SAN MARCOS — A comprehensive study on the environmental impacts of a controversial residential development in North San Marcos is expected to be released by year’s end, city officials and representatives of the project developer said Wednesday night.

City staff and the developer of the San Marcos Highlands project, a proposed 189-home development on 262 acres northwest of Palomar College, held a public workshop to get more feedback from residents about the project’s current iteration, which is scaled down significantly from previous versions.

“We’re looking for the report to hit the streets soon,” Jim Simmons, a principal with the San Marcos-based developer, Consultants Collaborative, said to the audience. “We have looked at the impacts and listened to your concerns and we believe you will be satisfied with how the new report addresses the impacts to your community.”

The city is in the process of completing an environmental impact report for the project, nearly a year after city staff and the developer indefinitely shelved the project due to a request for a more updated and thorough environmental study. Staff was originally relying on a mitigated negative declaration, which is a more cursory environmental document that had been last updated in the mid-2000s.

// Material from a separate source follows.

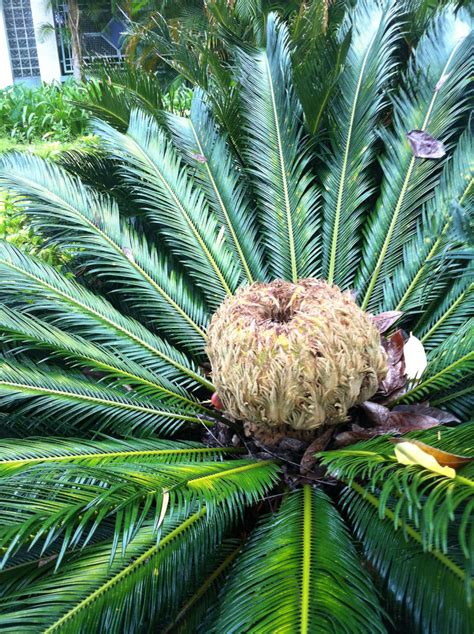 鐵樹品種|蘇鐵 Cycas revoluta Thunb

City officials previously said that a request by the regional agency that handles annexation requests — which the project requires — for a new environmental report prompted the delay.

The Local Agency Formation Commission is involved with the project because it requires the annexation of about 121 acres from the county into the city limits.

Simmons and his representatives said they have addressed the community’s previous concerns about the project by decreasing the number of homes, increasing the amount of park space and the size of a habitat linkage and updating the environmental studies, including those that study noise, air quality and impacts to local wildlife.

About 20 people, many who live in the adjacent Santa Fe Hills community or in unincorporated county land north of the project along Buena Creek Road, attended the event. Many of the neighbors have been opposed to or skeptical of the project largely due to a feature of the project that would extend Las Posas Road in San Marcos nearly to Buena Creek.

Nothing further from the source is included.